(Brief descriptive captions)

= Beginning of Section =

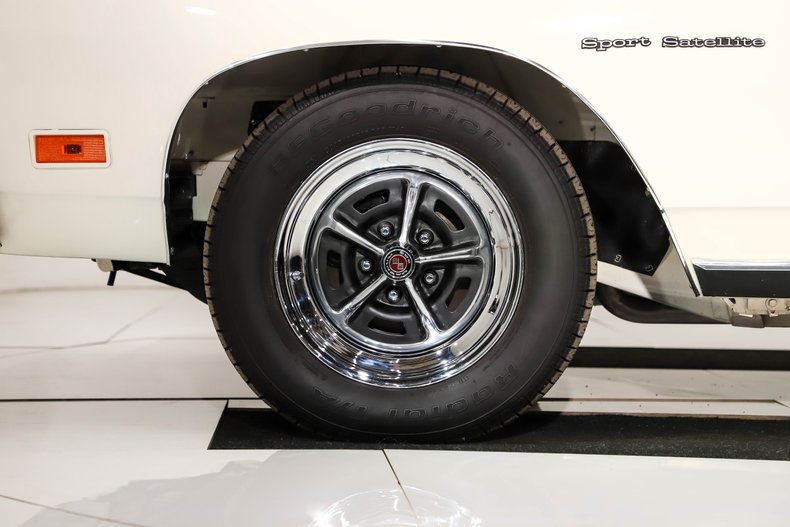 Unknown-Sport-satellite-1970-Alpine-White-White-9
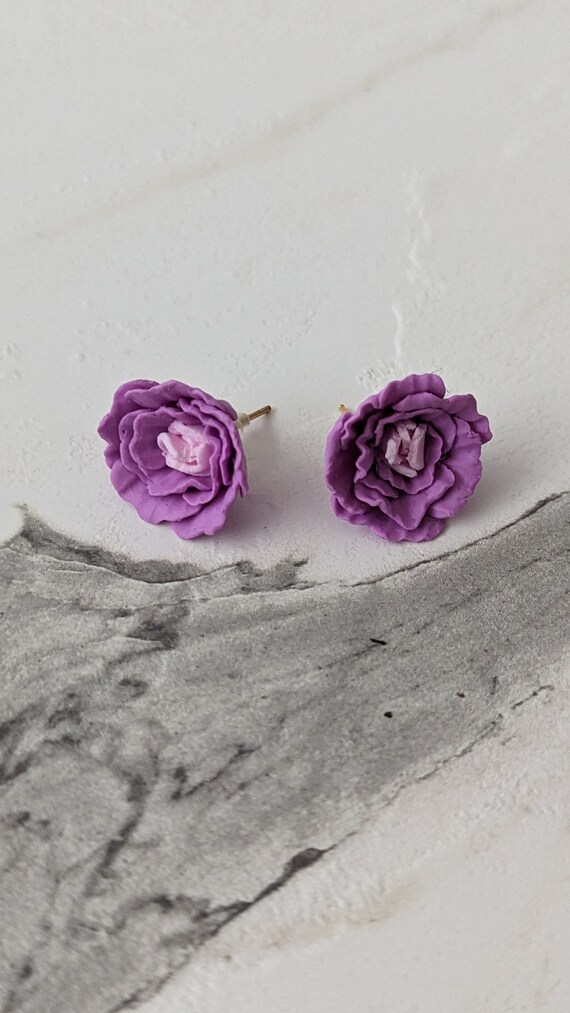 Mini purple flowers Handmade Stud clay erring, lightweight jewellery, Gift for her, gift idea, Summer style, vintage earrings ,polymer clay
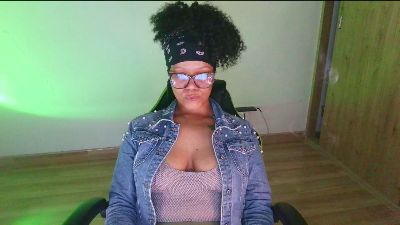 Blackandmagic_ live cam on Cam4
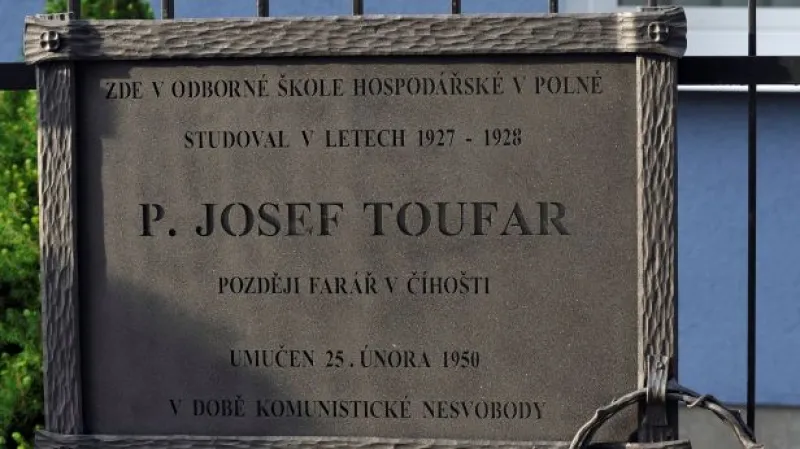 Události: Nalezné ostatky možná patří Toufarovi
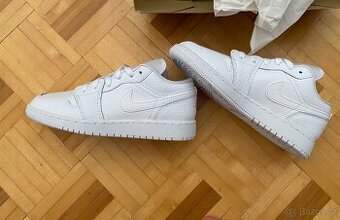 Tenisky Nike air Jordan 1 vel.36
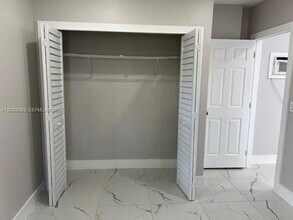 922 NW 2nd St, Unit 4 in Miami, FL - Foto de edificio - Building Photo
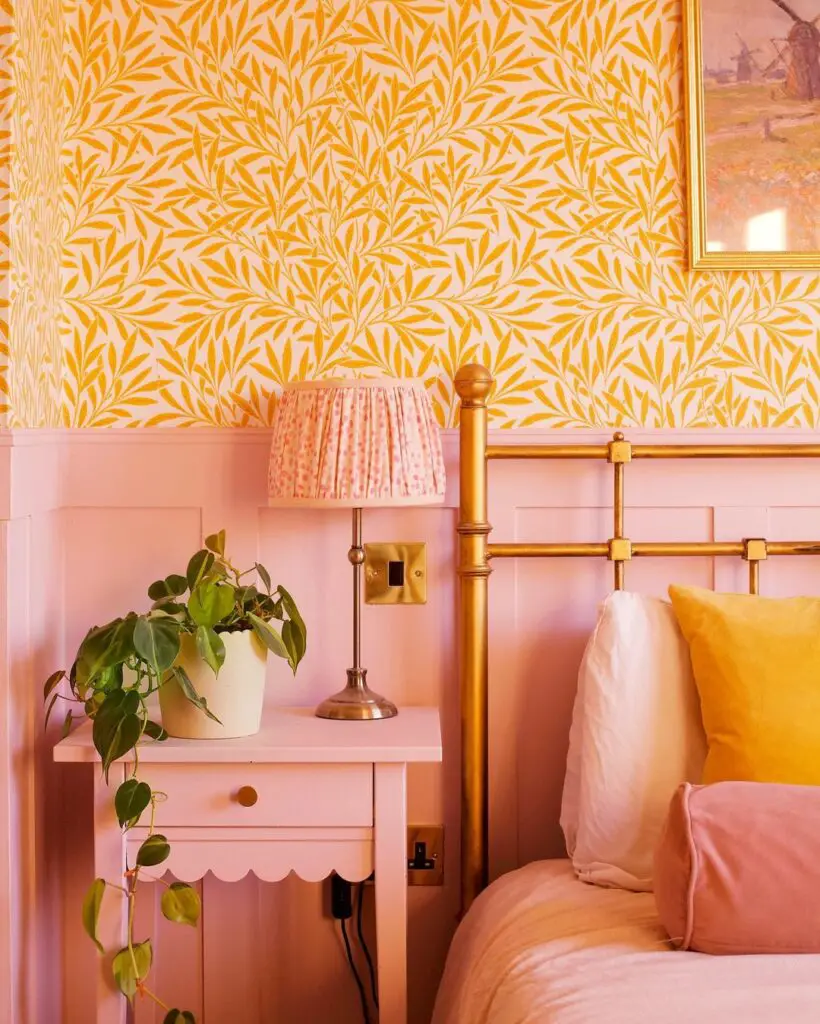 pink and mustard bedroom idea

= End of Section =

**TASK ITEM:**
Without the images, print all of the lines above exactly.

**ANSWER TO THIS TASK:**
 Unknown-Sport-satellite-1970-Alpine-White-White-9
 Mini purple flowers Handmade Stud clay erring, lightweight jewellery, Gift for her, gift idea, Summer style, vintage earrings ,polymer clay
 Blackandmagic_ live cam on Cam4
 Události: Nalezné ostatky možná patří Toufarovi
 Tenisky Nike air Jordan 1 vel.36
 922 NW 2nd St, Unit 4 in Miami, FL - Foto de edificio - Building Photo
 pink and mustard bedroom idea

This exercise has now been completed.